YSU is applying for a federal Transportation Infrastructure Generating Economic Recovery grant for the project.
McNally said the grant could total about $15 million and involves YSU, the city, Eastern Gateway Community College, Western Reserve Transit Authority, the Diocese of Youngstown, Mercy Health, MS Consultants and other partners.
“It will be a significant improvement to that whole corridor,” McNally said.
Wick and Lincoln avenues
YSU is part of a Youngstown city improvement project on Wick and Lincoln, beginning in late summer. The work includes new road surfaces, underground utility lines and better lighting.
“Lincoln will be narrowed a little bit and parking allowed only on one side,” Tressel said.
He said the work will improve the appearance and safety of a main entry to campus.
The Wick parking deck will close May 9 for improvements and is expected to reopen Aug. 15.
Student Success Center
Plans call for the consolidation of all services related to student retention and success in a new Student Success Center in Jones Hall.
Many alumni view Jones as an iconic campus building, the president said.
The third floor of Jones will become a Student Success Center with a longer-range plan to expand into Maag Library with a connector between the two buildings. A multicultural affairs department also being established in Jones.
YSU is negotiating with Barnes and Noble for the company to take over the campus bookstore in Kilcawley Center. Barnes and Noble also may locate a stand-alone bookstore near campus.
Melnick and Fok halls
Melnick has been renovated and houses the YSU Foundation and WYSU-FM. YSU’s honors college has relocated to Fok Hall, formerly called Alumni House at the corner of Wick and University Plaza.
Tressel also talked about a Mahoning Valley Innovation and Commercialization on campus. It would be an entrepreneurial hub with educational and research space. The project involves kindergarten-through-12th-grade schools, EGCC, YSU, YBI, Warren and Youngstown.
YSU was awarded $3 million of the $10 million requested in the state capital budget. The total project cost is about $30 million, but the YSU Foundation will raise a portion of the funds for the longer-range project.
McFadden said the foundation was waiting to see how much the state would fund the project and is in the early phases on fundraising.
“They said, ‘We’ll give you $3 million of the $10 million you asked for because we think it’s a good idea,’” he said.
After the foundation raises some of the funds, the university can ask for more state funding.

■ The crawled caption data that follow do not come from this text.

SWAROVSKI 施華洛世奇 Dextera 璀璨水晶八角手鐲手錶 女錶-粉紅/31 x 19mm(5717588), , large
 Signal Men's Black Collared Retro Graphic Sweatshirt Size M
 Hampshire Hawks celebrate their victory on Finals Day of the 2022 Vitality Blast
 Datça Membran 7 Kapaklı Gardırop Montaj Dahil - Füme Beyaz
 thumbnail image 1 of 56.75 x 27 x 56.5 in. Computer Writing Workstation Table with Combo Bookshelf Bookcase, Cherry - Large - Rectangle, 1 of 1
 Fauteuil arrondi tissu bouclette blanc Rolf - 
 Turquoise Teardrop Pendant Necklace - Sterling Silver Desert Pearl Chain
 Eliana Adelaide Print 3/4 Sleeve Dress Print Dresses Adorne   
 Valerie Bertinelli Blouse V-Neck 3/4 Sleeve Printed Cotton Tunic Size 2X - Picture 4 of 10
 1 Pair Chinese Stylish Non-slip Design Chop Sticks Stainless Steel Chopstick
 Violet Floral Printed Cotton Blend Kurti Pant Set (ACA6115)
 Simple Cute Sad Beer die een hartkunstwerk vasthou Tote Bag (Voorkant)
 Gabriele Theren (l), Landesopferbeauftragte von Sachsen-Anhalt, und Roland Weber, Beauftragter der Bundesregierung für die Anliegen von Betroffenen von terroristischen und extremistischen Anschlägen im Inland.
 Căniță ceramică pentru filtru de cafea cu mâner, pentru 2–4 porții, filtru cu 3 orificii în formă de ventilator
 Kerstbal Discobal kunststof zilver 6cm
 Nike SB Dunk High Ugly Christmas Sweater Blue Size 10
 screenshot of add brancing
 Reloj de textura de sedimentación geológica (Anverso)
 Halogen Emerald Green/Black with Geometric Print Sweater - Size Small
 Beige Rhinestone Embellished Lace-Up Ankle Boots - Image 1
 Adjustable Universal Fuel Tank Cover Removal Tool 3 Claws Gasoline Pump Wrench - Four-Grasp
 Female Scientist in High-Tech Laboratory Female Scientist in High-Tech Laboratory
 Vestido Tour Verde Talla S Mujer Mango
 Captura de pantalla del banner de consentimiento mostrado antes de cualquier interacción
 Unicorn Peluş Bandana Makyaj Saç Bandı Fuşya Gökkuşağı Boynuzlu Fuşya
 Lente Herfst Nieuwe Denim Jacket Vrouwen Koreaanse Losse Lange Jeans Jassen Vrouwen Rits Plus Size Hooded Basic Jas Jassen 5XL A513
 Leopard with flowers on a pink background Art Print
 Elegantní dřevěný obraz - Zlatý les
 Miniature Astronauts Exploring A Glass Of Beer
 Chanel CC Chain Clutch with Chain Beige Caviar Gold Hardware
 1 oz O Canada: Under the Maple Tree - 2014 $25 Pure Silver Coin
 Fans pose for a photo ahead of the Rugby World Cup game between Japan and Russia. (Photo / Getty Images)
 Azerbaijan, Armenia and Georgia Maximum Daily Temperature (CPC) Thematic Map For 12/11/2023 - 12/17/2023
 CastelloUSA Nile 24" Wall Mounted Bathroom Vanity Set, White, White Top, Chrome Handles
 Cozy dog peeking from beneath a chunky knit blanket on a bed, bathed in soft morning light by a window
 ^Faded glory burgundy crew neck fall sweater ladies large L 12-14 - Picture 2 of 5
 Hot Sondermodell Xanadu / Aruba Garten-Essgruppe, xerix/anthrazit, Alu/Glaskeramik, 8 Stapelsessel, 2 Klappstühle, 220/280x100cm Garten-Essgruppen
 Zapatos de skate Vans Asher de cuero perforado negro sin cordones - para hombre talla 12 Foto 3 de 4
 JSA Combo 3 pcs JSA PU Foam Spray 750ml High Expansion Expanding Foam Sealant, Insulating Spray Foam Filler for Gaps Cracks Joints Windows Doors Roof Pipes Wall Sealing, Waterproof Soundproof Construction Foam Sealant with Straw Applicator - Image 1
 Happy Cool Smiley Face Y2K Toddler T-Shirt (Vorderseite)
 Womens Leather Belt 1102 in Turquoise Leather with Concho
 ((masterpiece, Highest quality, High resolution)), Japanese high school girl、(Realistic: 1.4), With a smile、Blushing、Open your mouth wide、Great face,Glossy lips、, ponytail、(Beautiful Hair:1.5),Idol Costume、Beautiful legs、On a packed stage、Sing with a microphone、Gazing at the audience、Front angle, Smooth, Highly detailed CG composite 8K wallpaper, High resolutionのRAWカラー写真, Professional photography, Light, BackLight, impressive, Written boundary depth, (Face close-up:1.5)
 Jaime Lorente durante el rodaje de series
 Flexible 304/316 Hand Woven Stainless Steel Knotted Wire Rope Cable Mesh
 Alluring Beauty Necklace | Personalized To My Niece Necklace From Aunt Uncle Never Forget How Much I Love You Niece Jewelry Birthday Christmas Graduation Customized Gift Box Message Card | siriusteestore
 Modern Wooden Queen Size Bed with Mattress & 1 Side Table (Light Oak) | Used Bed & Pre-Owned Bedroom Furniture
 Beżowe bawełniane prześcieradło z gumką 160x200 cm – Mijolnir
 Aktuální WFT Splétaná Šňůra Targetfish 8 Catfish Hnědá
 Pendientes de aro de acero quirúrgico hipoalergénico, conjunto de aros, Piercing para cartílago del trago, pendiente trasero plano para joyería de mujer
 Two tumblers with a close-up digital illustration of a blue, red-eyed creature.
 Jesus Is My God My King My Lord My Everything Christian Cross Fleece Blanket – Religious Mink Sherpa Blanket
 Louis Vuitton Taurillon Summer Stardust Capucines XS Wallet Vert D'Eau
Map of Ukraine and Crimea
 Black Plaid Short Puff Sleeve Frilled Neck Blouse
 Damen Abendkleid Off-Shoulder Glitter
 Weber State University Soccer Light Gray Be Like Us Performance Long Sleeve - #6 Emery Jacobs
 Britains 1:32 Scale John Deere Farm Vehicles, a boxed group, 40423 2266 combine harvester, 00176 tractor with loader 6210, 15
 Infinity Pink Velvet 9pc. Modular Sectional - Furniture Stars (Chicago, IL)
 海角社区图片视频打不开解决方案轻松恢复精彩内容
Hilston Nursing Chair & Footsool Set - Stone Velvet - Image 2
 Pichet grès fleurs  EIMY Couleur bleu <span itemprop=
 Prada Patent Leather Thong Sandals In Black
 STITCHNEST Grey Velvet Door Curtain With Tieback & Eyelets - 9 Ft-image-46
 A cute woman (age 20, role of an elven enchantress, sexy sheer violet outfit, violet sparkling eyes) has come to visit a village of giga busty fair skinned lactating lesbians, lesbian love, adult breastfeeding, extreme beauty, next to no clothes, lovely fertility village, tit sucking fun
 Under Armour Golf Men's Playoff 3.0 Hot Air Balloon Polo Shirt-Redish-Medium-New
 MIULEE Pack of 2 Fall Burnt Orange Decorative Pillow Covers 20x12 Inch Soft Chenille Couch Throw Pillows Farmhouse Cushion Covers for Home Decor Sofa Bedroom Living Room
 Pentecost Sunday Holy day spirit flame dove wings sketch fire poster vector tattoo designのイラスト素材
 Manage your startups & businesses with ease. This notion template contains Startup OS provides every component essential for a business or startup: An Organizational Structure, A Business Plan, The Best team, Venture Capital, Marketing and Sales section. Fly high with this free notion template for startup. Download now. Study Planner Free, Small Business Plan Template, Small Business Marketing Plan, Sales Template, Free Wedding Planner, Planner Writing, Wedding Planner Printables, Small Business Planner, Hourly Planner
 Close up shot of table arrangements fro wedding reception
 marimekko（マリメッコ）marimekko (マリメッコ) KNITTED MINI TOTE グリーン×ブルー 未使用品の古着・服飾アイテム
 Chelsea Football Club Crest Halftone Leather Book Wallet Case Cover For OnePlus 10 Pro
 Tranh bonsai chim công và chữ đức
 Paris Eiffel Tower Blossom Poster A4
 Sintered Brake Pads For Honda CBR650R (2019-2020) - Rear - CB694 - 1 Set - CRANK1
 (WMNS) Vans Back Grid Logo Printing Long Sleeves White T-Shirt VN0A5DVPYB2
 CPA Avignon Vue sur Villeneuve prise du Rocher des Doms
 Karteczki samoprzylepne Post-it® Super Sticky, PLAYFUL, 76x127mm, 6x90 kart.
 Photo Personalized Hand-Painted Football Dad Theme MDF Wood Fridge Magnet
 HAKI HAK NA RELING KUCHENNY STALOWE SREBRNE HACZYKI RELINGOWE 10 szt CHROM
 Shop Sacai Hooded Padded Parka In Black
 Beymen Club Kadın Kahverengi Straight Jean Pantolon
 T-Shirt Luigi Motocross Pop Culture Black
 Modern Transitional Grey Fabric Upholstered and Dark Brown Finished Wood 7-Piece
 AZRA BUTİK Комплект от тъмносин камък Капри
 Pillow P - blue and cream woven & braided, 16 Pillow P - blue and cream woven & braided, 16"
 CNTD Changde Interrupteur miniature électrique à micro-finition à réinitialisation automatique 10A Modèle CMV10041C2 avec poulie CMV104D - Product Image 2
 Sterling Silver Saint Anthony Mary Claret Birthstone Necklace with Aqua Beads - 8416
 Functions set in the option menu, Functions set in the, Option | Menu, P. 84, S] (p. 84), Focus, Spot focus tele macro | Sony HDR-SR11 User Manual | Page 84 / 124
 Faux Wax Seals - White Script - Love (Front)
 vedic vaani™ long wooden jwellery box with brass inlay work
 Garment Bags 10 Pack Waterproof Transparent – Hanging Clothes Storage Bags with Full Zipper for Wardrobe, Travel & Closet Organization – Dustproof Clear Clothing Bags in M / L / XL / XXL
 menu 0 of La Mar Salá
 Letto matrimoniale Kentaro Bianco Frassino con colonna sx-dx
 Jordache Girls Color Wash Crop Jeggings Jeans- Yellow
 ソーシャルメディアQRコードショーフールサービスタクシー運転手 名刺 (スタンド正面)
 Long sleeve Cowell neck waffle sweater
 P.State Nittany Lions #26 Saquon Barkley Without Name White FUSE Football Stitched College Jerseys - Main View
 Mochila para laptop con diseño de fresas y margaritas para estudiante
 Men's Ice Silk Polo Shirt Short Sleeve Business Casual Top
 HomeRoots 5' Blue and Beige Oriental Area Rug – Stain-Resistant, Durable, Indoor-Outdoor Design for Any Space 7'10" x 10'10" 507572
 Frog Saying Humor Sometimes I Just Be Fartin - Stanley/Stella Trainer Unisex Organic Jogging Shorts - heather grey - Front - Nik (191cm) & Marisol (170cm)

“They said, ‘Come back and see us in the next capital budget,’” Tressel said.
State Rep. Michele Lepore-Hagan of Youngstown, D-58th, is among those excited about Tressel’s plans.
“It’s just an indication of us moving forward and working together,” she said. “We’re very proud with the budget as tight as it is that we were able to get the money out of the [state] capital bill to support the projects – anything we can to do highlight YSU. It’s the gem of our community.”
As a North Side resident, Lepore-Hagan said she’s “happy to see the development around the university.”